** Task details **
Would you retype each of the records exactly as shown?

-- Input data follows --

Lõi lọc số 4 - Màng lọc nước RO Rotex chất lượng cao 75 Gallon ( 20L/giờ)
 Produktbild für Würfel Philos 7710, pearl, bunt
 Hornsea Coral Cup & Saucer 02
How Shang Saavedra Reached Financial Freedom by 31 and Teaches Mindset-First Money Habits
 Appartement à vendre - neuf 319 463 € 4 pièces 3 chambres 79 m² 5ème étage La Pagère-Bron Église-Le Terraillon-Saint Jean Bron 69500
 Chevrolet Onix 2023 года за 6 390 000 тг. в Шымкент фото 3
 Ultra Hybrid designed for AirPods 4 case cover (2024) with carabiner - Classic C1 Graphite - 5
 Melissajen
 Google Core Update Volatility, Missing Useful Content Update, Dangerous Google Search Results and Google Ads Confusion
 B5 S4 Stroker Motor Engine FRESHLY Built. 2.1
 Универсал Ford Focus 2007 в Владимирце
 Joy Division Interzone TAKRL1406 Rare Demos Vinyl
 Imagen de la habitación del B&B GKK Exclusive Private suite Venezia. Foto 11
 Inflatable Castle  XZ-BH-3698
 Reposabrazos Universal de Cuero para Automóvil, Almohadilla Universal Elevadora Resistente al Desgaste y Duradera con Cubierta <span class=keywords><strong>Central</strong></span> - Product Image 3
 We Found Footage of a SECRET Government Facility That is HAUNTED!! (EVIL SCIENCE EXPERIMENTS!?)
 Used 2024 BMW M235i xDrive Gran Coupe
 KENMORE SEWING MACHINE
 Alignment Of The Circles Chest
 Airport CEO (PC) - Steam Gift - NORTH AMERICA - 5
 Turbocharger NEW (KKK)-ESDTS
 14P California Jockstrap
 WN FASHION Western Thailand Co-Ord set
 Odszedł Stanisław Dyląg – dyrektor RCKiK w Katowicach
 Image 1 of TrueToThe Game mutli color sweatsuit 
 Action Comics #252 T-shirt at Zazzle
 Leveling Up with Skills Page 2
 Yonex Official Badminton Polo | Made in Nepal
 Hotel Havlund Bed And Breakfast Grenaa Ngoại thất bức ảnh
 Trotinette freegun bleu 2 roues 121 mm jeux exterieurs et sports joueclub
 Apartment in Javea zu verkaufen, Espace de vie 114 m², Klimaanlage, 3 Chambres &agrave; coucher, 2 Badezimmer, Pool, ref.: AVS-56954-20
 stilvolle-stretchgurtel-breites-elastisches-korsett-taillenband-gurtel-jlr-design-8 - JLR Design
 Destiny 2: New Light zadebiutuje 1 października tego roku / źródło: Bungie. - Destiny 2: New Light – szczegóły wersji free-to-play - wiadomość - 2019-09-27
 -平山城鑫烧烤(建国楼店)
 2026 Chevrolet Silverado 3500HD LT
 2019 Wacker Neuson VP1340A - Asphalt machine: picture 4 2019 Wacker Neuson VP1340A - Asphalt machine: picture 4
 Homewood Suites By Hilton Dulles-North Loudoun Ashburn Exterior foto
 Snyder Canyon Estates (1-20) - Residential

-- Input data concluded --

** Exercise solution **
Lõi lọc số 4 - Màng lọc nước RO Rotex chất lượng cao 75 Gallon ( 20L/giờ)
 Produktbild für Würfel Philos 7710, pearl, bunt
 Hornsea Coral Cup & Saucer 02
How Shang Saavedra Reached Financial Freedom by 31 and Teaches Mindset-First Money Habits
 Appartement à vendre - neuf 319 463 € 4 pièces 3 chambres 79 m² 5ème étage La Pagère-Bron Église-Le Terraillon-Saint Jean Bron 69500
 Chevrolet Onix 2023 года за 6 390 000 тг. в Шымкент фото 3
 Ultra Hybrid designed for AirPods 4 case cover (2024) with carabiner - Classic C1 Graphite - 5
 Melissajen
 Google Core Update Volatility, Missing Useful Content Update, Dangerous Google Search Results and Google Ads Confusion
 B5 S4 Stroker Motor Engine FRESHLY Built. 2.1
 Универсал Ford Focus 2007 в Владимирце
 Joy Division Interzone TAKRL1406 Rare Demos Vinyl
 Imagen de la habitación del B&B GKK Exclusive Private suite Venezia. Foto 11
 Inflatable Castle  XZ-BH-3698
 Reposabrazos Universal de Cuero para Automóvil, Almohadilla Universal Elevadora Resistente al Desgaste y Duradera con Cubierta <span class=keywords><strong>Central</strong></span> - Product Image 3
 We Found Footage of a SECRET Government Facility That is HAUNTED!! (EVIL SCIENCE EXPERIMENTS!?)
 Used 2024 BMW M235i xDrive Gran Coupe
 KENMORE SEWING MACHINE
 Alignment Of The Circles Chest
 Airport CEO (PC) - Steam Gift - NORTH AMERICA - 5
 Turbocharger NEW (KKK)-ESDTS
 14P California Jockstrap
 WN FASHION Western Thailand Co-Ord set
 Odszedł Stanisław Dyląg – dyrektor RCKiK w Katowicach
 Image 1 of TrueToThe Game mutli color sweatsuit 
 Action Comics #252 T-shirt at Zazzle
 Leveling Up with Skills Page 2
 Yonex Official Badminton Polo | Made in Nepal
 Hotel Havlund Bed And Breakfast Grenaa Ngoại thất bức ảnh
 Trotinette freegun bleu 2 roues 121 mm jeux exterieurs et sports joueclub
 Apartment in Javea zu verkaufen, Espace de vie 114 m², Klimaanlage, 3 Chambres &agrave; coucher, 2 Badezimmer, Pool, ref.: AVS-56954-20
 stilvolle-stretchgurtel-breites-elastisches-korsett-taillenband-gurtel-jlr-design-8 - JLR Design
 Destiny 2: New Light zadebiutuje 1 października tego roku / źródło: Bungie. - Destiny 2: New Light – szczegóły wersji free-to-play - wiadomość - 2019-09-27
 -平山城鑫烧烤(建国楼店)
 2026 Chevrolet Silverado 3500HD LT
 2019 Wacker Neuson VP1340A - Asphalt machine: picture 4 2019 Wacker Neuson VP1340A - Asphalt machine: picture 4
 Homewood Suites By Hilton Dulles-North Loudoun Ashburn Exterior foto
 Snyder Canyon Estates (1-20) - Residential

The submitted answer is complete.